Walking the Labyrinth
By Lisa Goldstein
Tor Books, $21.95
ISBN 0312861753
Review by Larry Woods
If you enjoy Carlos Castaneda's magic realism or Roger Zelazny's Amber series, then you will stay up late reading Lisa Goldstein's Walking the Labyrinth. Molly Travers learns from John Stow, a private detective, that her great-aunt Fentrice Allalie (who raised her when Molly was orphaned), her aunt Thorne (who long ago seemed to disappear), and her uncle Callan and uncle Corrig are either magicians or wizards or at a minimum very successful illusionists. Just ask Andrew Dodd, a reporter for the Oakland Tribune who interviewed the Allalie family 60 years ago and had his life changed forever.

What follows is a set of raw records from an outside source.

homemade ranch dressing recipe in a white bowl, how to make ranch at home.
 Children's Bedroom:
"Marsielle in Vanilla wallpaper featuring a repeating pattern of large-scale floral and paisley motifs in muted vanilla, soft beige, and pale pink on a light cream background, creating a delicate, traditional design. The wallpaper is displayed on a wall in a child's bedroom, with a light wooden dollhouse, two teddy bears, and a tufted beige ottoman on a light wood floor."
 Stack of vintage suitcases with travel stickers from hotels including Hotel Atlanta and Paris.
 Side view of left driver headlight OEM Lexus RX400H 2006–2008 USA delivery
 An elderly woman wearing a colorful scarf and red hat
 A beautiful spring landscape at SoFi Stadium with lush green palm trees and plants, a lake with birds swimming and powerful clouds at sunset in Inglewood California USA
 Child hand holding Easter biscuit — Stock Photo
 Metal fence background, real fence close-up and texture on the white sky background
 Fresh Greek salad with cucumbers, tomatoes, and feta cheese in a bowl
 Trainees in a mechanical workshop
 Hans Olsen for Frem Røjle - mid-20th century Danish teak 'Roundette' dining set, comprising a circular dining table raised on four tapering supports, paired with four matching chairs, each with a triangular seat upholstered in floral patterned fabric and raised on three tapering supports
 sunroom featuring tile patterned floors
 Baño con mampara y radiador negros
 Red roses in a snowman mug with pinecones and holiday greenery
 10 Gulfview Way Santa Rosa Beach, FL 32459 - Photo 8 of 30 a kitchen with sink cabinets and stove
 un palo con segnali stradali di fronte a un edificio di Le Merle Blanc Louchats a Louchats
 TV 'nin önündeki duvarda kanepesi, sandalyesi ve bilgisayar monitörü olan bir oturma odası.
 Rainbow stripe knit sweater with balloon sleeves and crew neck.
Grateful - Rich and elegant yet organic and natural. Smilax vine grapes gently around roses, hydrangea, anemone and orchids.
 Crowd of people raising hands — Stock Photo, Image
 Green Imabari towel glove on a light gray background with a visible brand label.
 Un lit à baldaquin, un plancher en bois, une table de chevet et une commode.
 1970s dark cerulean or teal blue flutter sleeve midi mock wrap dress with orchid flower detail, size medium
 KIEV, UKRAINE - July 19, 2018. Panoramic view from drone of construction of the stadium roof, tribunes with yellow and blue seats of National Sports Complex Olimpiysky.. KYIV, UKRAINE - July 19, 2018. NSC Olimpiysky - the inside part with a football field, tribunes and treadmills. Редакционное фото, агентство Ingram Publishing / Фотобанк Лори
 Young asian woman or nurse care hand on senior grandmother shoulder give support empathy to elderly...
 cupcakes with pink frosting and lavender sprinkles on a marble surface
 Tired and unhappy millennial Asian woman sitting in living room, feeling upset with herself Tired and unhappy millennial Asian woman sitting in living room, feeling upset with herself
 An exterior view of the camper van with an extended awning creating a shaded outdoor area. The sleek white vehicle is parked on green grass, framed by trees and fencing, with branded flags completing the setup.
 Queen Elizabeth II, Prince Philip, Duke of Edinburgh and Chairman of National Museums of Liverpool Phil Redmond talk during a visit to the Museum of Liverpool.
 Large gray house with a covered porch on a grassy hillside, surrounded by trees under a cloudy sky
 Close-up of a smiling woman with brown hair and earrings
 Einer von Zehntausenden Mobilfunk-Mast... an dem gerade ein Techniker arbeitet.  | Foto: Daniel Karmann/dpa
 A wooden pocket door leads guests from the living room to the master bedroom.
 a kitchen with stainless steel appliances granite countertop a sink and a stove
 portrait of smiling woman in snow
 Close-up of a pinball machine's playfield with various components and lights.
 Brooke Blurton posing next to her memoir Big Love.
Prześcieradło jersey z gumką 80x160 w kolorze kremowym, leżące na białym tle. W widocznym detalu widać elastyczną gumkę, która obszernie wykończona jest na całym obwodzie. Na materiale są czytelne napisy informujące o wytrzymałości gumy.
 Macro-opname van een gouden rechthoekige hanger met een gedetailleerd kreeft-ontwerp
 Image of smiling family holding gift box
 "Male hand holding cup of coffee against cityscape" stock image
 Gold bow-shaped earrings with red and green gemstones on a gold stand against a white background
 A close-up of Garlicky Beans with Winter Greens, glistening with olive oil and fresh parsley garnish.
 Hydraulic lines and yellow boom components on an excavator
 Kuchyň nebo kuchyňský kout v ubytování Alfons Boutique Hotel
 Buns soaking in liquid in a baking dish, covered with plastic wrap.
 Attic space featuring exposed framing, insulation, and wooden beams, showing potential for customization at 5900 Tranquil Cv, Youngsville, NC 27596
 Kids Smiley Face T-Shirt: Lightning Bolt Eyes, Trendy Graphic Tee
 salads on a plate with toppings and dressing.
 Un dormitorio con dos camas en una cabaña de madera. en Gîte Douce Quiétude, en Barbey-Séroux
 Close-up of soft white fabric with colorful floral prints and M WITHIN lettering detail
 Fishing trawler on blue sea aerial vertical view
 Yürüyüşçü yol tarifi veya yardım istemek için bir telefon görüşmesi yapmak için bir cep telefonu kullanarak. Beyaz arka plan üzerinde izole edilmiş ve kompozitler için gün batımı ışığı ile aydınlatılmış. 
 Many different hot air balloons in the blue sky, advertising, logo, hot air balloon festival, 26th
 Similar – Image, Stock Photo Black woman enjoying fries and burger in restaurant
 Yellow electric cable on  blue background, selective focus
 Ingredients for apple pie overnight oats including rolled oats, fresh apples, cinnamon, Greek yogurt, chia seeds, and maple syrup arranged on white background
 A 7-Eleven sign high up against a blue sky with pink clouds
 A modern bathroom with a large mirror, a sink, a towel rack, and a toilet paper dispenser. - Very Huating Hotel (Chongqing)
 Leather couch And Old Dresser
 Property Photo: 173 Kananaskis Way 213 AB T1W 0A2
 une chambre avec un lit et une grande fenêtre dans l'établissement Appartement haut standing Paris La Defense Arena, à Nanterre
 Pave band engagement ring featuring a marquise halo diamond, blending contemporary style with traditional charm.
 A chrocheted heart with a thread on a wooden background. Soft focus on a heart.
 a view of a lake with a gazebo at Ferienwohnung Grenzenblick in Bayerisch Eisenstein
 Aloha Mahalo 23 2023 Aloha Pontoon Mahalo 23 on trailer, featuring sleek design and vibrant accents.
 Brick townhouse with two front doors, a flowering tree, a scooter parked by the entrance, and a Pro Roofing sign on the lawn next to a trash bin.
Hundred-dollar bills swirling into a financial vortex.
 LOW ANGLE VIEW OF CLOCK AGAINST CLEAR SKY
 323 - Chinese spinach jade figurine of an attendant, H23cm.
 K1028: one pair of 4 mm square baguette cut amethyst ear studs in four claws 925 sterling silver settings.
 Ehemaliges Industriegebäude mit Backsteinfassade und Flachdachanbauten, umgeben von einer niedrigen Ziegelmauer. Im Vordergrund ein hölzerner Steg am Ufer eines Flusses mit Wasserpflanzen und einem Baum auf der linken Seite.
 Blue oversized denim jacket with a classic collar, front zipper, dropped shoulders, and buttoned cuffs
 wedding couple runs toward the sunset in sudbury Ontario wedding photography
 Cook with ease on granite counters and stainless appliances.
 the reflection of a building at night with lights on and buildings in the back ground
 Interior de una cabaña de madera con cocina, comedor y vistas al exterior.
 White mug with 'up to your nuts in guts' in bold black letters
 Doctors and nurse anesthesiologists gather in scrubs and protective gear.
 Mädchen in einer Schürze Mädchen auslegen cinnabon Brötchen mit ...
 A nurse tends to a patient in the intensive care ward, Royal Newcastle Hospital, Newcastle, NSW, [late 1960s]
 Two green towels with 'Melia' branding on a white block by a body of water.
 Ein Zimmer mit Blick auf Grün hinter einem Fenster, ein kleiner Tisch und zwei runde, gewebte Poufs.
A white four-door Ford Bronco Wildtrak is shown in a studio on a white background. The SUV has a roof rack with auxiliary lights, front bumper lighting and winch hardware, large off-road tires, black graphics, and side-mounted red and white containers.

Or ask Molly's other relatives Lord Harrison Sanderson, Master of the Order of the Labyrinth, or Lady Dorothy Westingate, both believers in the seances and spiritualism of the late 1800s in England.
The mystery here is the disappearance of Lady Westingate in England almost 100 years ago, the similar disappearance of Thorne in this country, and whether Molly will learn anything through her examination of the lives of this strange family with awesome powers of mind control and illusion. This is a fabulous novel about an orphaned girl who searches Victorian England and modern-day California for clues to her own identity.
Larry D. Woods, an attorney, is an avid reader of science fiction.